Excerpts from a dataset:
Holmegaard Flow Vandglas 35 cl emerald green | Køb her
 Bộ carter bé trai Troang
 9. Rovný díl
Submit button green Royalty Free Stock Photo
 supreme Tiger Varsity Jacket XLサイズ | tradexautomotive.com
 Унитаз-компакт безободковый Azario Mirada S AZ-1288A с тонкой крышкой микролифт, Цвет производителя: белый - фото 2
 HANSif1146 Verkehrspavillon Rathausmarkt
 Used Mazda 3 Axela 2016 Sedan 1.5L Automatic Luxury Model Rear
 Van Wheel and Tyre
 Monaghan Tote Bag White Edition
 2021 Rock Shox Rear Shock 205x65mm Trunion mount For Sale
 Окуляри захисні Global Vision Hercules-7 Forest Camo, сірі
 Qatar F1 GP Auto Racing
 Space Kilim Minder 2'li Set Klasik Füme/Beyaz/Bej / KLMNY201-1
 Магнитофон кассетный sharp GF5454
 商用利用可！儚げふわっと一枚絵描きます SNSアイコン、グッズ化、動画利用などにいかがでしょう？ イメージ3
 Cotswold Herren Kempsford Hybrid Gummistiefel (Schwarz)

Exercise objective: All lines in the entries above that include "Rear" should be found and copied.

Result below:
 Used Mazda 3 Axela 2016 Sedan 1.5L Automatic Luxury Model Rear
 2021 Rock Shox Rear Shock 205x65mm Trunion mount For Sale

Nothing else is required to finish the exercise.